[Data entries]
BEGIN

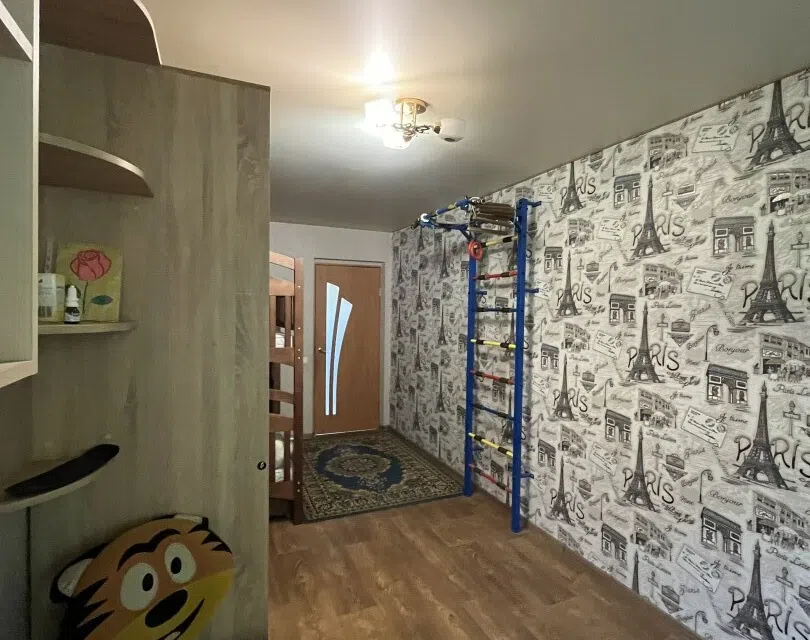 Продаётся 3-комнатная квартира, 62.8 м²
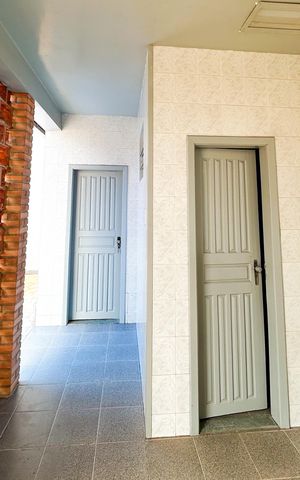 Casa à venda com 181m², 3 quartos e 4 vagas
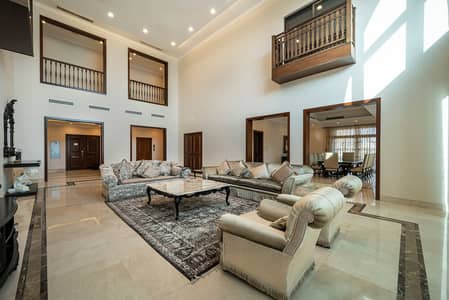 5 Bedroom Penthouse for Sale in Palm Jumeirah, Dubai - Exclusive | Private Pool | Full Sea View | Duplex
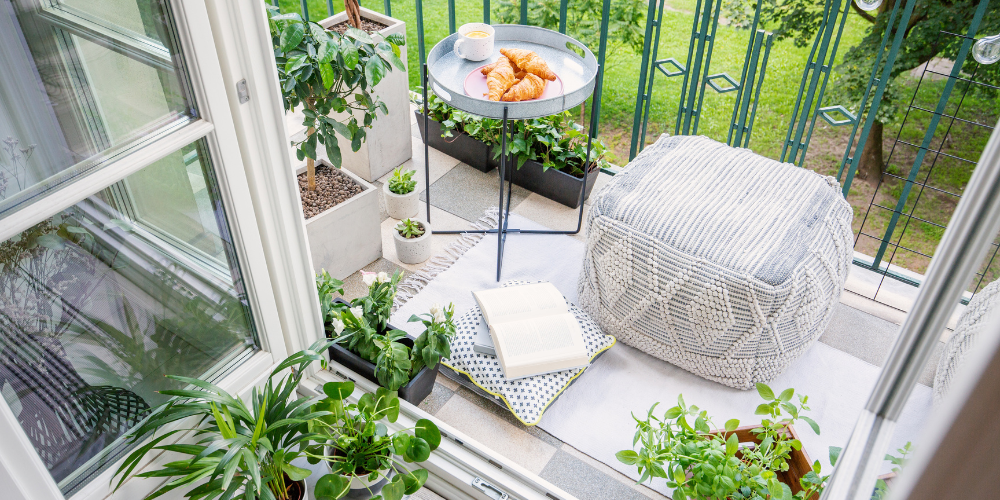 Salisbury Greenhouse-Sherwood Park-Alberta-Indoor Gardening-balcony with plants and seating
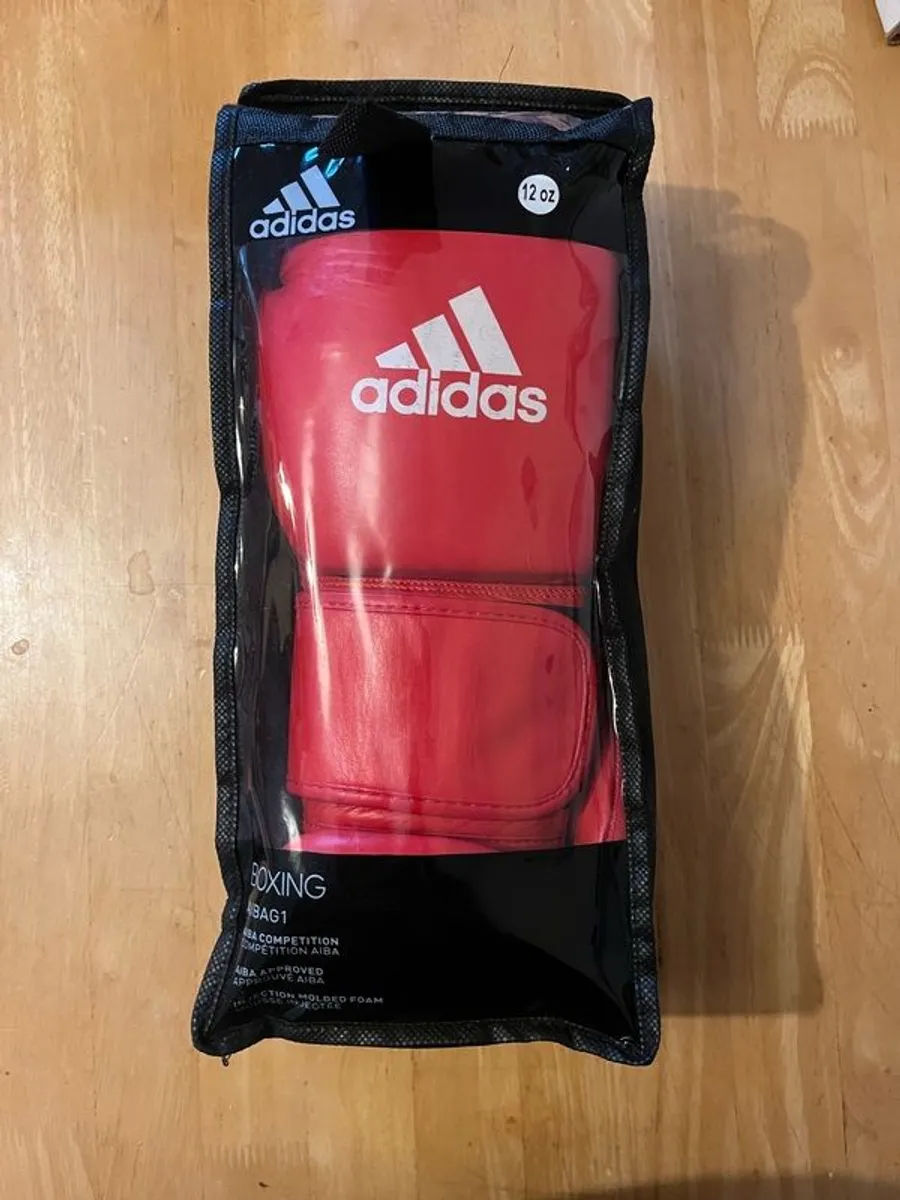 AIBA Approved Adidas Boxing Gloves - Image 3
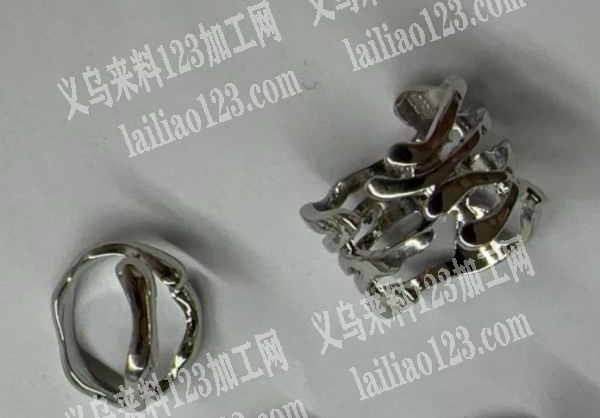 《量大的》这个戒指，合金的，寻找专业做翻
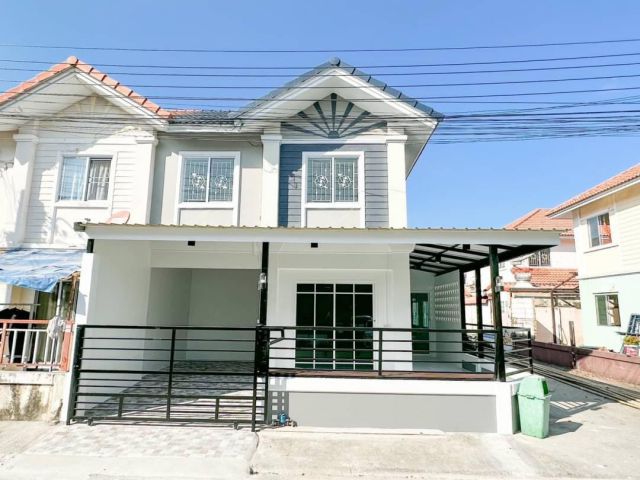 หมู่บ้านพฤกษา33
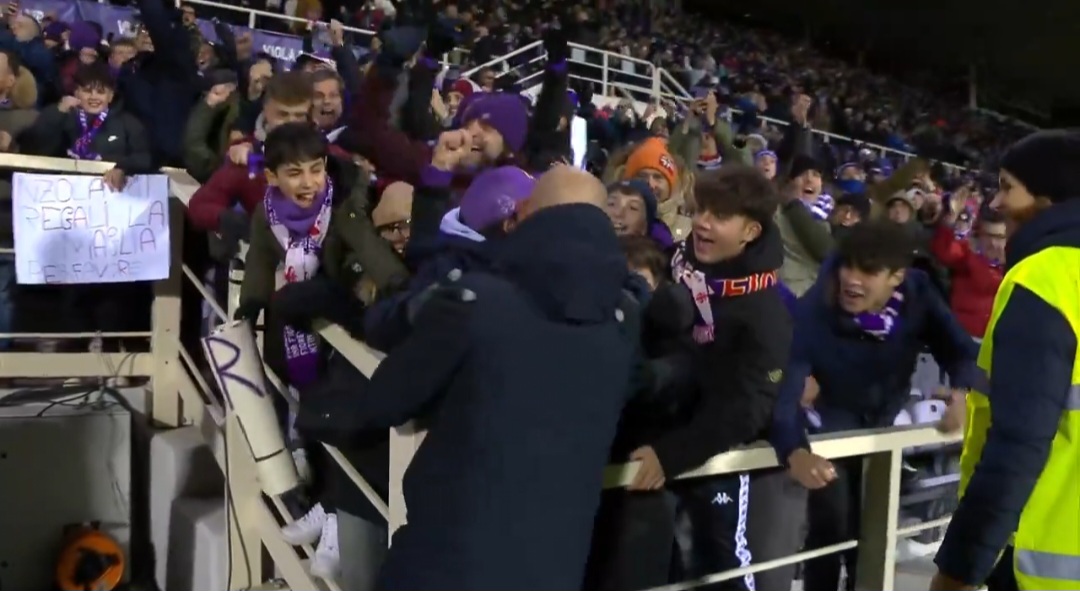 Italiano prende in braccio un bambino dopo la vittoria ed esulta con lui in campo. Il video da brividi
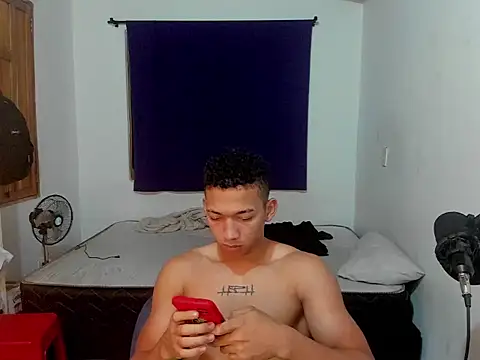 Snapshot of JuanchiT66 chatting on October 24, 2025, 4:00 am JuanchiT66 online show from October 24, 2025, 4:00 am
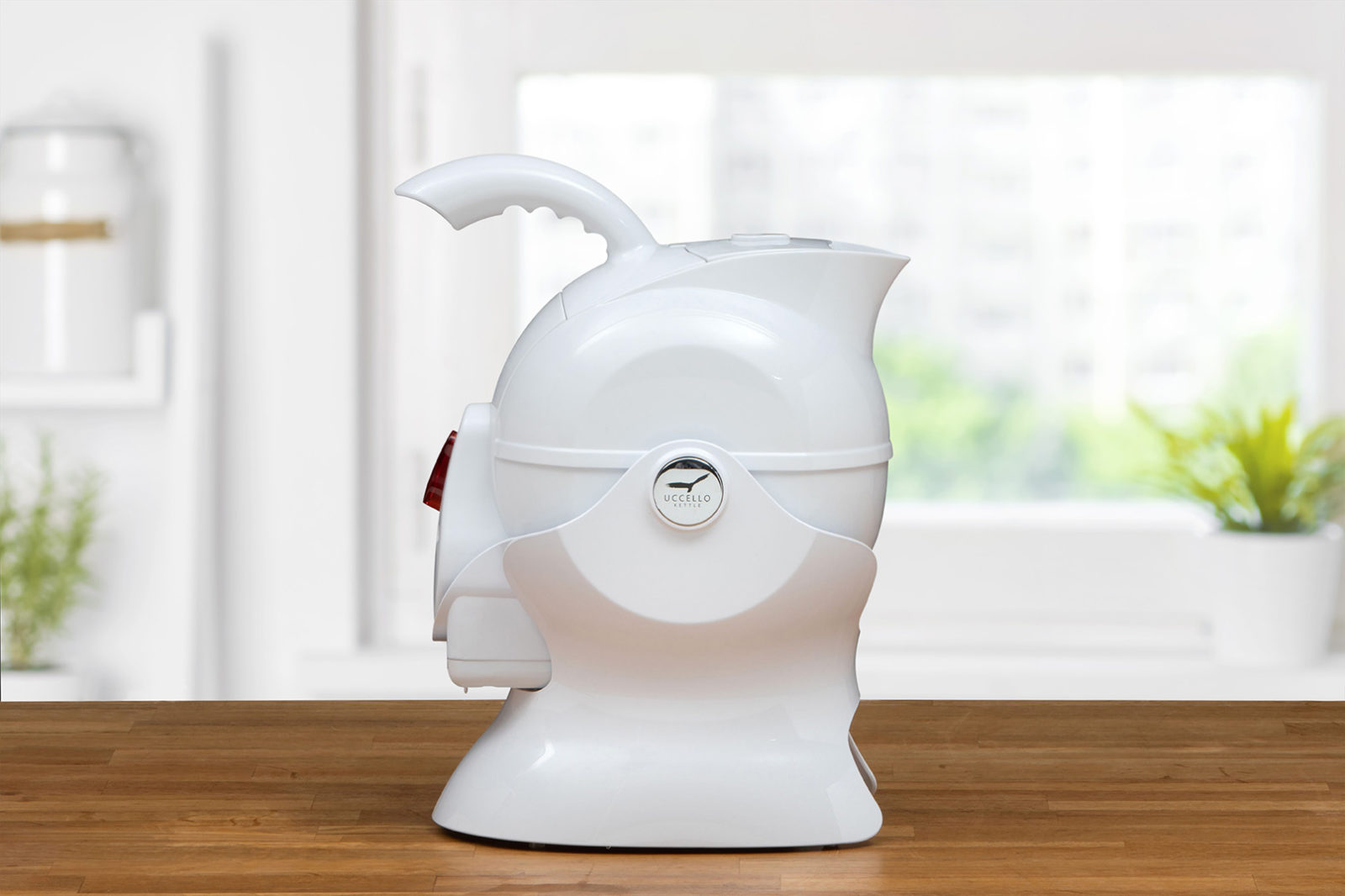 Uccello-Kettle-All-White-Side Size View of the All White Uccello Kettle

END

TRY IT: Your answer should be every entry repeated exactly, minus the pictures.

SOLUTION TO THIS EXERCISE:
 Продаётся 3-комнатная квартира, 62.8 м²
 Casa à venda com 181m², 3 quartos e 4 vagas
 5 Bedroom Penthouse for Sale in Palm Jumeirah, Dubai - Exclusive | Private Pool | Full Sea View | Duplex
 Salisbury Greenhouse-Sherwood Park-Alberta-Indoor Gardening-balcony with plants and seating
 AIBA Approved Adidas Boxing Gloves - Image 3
 《量大的》这个戒指，合金的，寻找专业做翻
 หมู่บ้านพฤกษา33
 Italiano prende in braccio un bambino dopo la vittoria ed esulta con lui in campo. Il video da brividi
 Snapshot of JuanchiT66 chatting on October 24, 2025, 4:00 am JuanchiT66 online show from October 24, 2025, 4:00 am
 Uccello-Kettle-All-White-Side Size View of the All White Uccello Kettle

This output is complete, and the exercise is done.